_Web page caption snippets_
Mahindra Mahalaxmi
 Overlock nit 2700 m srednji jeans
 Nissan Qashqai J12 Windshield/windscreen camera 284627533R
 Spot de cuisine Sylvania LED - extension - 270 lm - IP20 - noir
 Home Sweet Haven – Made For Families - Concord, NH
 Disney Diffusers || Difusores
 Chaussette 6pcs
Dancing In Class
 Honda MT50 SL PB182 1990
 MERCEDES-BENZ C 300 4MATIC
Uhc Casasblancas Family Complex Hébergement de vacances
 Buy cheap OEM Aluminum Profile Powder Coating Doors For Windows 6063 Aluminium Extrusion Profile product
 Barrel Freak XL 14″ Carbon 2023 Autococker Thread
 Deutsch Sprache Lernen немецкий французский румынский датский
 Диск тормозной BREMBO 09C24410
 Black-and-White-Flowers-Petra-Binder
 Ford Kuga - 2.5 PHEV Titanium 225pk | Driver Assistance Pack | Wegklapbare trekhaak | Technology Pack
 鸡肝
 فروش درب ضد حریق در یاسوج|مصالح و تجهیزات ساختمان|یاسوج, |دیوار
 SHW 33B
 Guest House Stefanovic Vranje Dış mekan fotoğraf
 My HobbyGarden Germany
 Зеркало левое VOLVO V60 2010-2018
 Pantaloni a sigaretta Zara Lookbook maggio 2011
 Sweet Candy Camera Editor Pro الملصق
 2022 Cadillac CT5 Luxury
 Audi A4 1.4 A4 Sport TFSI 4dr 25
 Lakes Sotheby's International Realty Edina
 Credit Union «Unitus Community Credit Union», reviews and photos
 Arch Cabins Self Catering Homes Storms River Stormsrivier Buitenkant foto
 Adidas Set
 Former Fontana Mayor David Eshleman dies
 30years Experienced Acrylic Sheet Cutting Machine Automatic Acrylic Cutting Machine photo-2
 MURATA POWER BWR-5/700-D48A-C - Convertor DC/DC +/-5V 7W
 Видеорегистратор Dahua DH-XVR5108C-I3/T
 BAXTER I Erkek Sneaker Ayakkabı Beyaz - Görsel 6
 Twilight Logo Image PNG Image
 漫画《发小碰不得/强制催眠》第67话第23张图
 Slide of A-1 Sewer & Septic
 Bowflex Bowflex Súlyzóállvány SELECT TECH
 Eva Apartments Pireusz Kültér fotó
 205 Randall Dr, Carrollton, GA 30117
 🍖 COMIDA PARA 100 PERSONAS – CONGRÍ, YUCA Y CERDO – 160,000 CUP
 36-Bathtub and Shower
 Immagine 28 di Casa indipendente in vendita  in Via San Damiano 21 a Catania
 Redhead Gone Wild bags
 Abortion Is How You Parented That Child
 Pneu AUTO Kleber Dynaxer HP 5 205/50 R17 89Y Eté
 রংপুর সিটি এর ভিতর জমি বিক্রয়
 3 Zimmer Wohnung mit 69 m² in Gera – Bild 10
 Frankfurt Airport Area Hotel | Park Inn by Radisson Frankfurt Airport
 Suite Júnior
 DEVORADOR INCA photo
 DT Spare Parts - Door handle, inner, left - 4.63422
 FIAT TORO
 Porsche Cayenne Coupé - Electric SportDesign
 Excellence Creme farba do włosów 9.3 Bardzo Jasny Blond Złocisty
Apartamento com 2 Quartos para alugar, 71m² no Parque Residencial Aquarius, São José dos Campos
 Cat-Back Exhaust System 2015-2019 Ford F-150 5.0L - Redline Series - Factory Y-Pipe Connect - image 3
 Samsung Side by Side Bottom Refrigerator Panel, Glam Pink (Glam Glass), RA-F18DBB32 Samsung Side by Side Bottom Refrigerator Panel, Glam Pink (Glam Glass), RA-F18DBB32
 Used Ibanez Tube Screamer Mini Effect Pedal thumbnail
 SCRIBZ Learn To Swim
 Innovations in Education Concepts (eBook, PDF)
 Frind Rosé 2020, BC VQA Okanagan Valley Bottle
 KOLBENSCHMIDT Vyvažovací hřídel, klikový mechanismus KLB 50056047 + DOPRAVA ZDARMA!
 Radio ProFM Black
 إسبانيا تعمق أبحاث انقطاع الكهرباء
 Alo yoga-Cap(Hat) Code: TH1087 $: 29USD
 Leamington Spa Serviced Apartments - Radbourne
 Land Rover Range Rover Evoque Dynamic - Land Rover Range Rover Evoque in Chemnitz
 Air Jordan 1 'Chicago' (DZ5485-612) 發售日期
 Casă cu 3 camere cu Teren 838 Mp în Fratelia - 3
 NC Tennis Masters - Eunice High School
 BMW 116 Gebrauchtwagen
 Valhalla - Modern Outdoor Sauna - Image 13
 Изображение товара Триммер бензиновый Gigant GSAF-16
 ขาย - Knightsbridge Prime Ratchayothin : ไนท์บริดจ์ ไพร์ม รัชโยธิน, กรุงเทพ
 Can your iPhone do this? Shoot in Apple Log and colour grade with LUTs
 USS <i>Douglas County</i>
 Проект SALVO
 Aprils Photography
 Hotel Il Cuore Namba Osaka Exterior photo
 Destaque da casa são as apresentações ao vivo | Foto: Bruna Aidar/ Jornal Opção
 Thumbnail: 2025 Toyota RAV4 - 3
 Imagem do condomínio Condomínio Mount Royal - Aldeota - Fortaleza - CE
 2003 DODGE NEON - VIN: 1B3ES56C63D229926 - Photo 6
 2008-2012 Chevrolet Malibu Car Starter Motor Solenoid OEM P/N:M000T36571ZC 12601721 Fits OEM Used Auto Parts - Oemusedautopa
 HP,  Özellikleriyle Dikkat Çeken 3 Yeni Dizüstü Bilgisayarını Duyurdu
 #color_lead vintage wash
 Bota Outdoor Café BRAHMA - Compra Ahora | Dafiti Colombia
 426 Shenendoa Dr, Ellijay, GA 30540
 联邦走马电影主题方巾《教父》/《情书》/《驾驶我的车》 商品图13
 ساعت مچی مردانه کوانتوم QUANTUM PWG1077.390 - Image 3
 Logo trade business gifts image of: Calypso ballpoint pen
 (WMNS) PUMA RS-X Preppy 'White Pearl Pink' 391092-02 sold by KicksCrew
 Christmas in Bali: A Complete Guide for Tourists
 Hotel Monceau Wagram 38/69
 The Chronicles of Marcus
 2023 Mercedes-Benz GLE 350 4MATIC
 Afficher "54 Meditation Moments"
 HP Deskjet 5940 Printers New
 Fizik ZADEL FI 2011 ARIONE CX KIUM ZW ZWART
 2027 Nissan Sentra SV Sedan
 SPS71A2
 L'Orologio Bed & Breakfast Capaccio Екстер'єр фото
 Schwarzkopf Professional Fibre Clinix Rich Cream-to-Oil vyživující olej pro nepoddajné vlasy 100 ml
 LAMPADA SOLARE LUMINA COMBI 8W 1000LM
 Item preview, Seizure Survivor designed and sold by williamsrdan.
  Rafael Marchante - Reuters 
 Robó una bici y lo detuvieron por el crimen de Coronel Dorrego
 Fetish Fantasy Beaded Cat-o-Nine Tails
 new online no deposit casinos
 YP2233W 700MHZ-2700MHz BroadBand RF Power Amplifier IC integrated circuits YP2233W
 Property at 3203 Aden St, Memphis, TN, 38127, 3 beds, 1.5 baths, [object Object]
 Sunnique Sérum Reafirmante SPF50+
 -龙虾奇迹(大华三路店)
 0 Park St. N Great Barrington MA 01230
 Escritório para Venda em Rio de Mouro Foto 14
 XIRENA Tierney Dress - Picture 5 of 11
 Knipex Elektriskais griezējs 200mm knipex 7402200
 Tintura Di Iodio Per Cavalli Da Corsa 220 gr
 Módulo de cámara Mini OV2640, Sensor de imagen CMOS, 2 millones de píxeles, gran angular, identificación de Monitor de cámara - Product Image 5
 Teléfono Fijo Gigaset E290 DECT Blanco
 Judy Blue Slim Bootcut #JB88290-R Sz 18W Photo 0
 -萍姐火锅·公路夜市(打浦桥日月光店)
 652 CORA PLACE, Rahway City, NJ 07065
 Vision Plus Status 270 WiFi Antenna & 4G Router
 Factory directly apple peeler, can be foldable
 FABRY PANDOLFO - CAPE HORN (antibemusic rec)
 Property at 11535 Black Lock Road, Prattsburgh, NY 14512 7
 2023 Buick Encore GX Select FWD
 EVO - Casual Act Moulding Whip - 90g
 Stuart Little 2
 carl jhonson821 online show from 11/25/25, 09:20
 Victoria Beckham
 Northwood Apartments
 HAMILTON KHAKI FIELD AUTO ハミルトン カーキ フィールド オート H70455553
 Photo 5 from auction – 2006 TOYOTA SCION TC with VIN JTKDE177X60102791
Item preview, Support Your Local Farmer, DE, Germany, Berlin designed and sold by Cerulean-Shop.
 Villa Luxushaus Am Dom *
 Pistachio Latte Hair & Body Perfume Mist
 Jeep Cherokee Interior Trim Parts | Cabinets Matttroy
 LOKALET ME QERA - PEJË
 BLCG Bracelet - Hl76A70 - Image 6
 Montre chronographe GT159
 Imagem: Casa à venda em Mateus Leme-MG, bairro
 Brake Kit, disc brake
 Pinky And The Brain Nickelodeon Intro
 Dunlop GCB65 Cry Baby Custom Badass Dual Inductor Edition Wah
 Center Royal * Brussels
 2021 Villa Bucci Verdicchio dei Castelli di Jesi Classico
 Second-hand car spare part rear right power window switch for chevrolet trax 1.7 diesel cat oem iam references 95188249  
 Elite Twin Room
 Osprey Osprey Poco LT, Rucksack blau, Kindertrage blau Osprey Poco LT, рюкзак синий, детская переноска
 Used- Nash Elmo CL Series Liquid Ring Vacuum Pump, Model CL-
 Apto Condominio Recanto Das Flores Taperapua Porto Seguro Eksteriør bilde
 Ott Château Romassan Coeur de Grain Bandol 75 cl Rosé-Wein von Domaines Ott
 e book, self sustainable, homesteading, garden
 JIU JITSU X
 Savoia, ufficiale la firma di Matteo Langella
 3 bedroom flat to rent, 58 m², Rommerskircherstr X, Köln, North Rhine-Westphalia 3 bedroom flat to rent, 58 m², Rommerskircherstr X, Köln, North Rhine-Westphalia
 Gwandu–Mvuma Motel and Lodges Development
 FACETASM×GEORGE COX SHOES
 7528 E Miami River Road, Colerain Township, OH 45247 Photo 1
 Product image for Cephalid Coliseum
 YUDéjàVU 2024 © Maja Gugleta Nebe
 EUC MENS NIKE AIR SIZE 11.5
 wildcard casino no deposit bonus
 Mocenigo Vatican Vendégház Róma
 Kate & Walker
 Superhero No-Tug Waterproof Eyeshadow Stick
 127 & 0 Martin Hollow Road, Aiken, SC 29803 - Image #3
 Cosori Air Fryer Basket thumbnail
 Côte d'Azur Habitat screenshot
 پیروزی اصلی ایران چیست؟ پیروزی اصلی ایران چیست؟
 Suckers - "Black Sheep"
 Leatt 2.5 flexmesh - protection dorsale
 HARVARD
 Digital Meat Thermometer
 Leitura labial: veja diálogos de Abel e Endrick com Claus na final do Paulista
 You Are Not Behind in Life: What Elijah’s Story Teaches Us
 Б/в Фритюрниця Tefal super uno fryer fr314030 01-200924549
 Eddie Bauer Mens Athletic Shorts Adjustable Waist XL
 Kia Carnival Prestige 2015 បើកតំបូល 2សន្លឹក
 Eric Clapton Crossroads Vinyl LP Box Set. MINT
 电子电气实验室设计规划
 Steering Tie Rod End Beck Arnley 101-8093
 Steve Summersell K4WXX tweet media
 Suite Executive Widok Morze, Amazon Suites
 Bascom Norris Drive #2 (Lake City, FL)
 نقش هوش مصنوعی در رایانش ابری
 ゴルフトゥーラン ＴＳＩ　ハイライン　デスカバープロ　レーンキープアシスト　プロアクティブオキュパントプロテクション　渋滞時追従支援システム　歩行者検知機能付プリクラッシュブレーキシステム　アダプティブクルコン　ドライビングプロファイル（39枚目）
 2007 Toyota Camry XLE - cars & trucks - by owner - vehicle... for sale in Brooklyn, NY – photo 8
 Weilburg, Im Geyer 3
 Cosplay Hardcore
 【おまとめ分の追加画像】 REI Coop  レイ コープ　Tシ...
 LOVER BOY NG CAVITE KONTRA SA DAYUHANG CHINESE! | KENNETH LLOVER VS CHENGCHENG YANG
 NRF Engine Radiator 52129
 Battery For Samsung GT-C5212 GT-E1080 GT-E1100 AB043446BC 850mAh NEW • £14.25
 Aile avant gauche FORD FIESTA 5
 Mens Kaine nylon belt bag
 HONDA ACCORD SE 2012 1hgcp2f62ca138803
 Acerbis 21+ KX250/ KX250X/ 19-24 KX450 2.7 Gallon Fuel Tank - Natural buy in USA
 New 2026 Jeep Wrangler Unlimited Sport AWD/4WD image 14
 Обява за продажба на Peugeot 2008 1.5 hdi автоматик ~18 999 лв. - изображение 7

_Work required_
Return a copy of each line in the entries that carries the string "Park".

_Your solution_
 Frankfurt Airport Area Hotel | Park Inn by Radisson Frankfurt Airport
 0 Park St. N Great Barrington MA 01230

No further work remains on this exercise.